In detail, taking the principal component analysis method to perform the dimension reduction processing as an example, the step of analyzing the initial definition of the dimension reduction feature is as follows: dimension reduction feature FkCan be represented as F by the original characteristicsk=a1f1+a2f2+…+anfn(ii) a Wherein f is1,…,fnRepresents the original feature, a1,…,anThe coefficients are represented. A is to1,…,anIs ordered from large to small, assuming a maximum value of aiThen a isiCorresponding original feature fiThe feature name of (a) may serve as the initial definition of the new feature.

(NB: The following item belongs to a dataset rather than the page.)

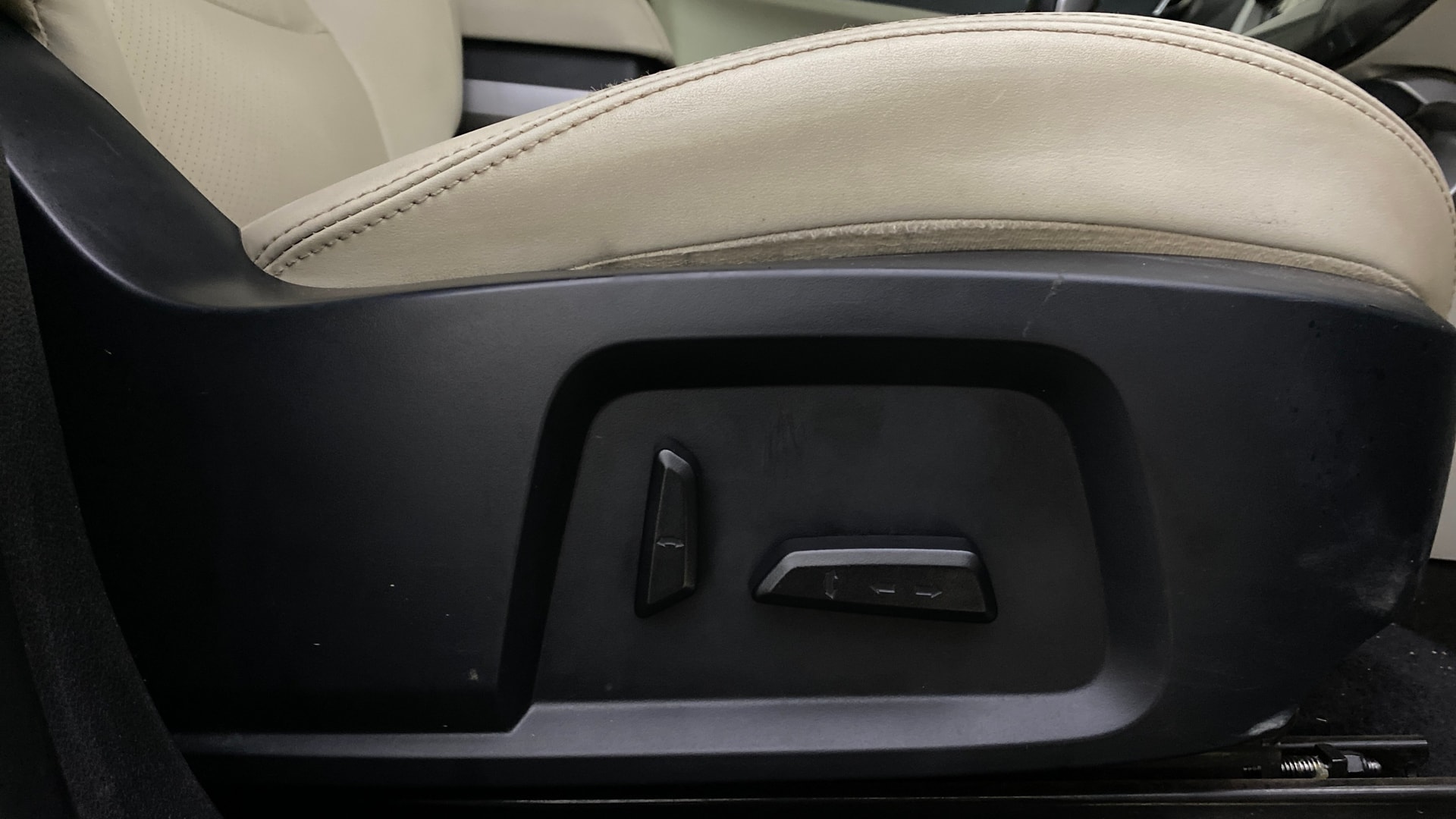 Used 2021 Tata Safari Used 2021 Tata Safari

In the step of manual review and modification, the initial definition of the dimensionality reduction feature can be reviewed manually according to the relationship between the dimensionality reduction feature and the original feature, and if the initial definition is unreasonable, the definition of the dimensionality reduction feature is redefined.
For example, when the original features include the rate of return, the rate of sharp, and the annual rate of return, the dimensionality reduction feature 1 may be represented by the following formula: and if the dimensionality reduction feature 1 is 1.48 × yield +0.53 × sharp ratio +0.72 × annual yield, the initial definition of the dimensionality reduction feature 1 is the 'yield', and the dimensionality reduction feature 1 can be modified into 'profitability' after manual review, so that the definition of the dimensionality reduction feature is more reasonable.
And step S2212, performing clustering analysis processing on the dimensionality reduction features to obtain the categories of the feature data.
In detail, the classification of the fund managers can be realized by adopting algorithms such as multivariate statistics and the like according to the dimension reduction characteristics of the fund managers, and the algorithms can comprise a K-means method, a Dbscan method and the like.
In conjunction with fig. 6, before the step of dimension reduction and cluster analysis, the original feature library structure table may be a table structure with m rows and n columns, where n is the number of features. After the step of dimension reduction processing, the structure table is changed into m rows and k columns, wherein k is the number of dimension reduction features, k is less than or equal to n, and the number of k is generally 10-20. After the step of cluster analysis, adding fund manager category columns to the structure table, wherein the fund manager category columns are divided into p categories, and the number of p is generally 5-10.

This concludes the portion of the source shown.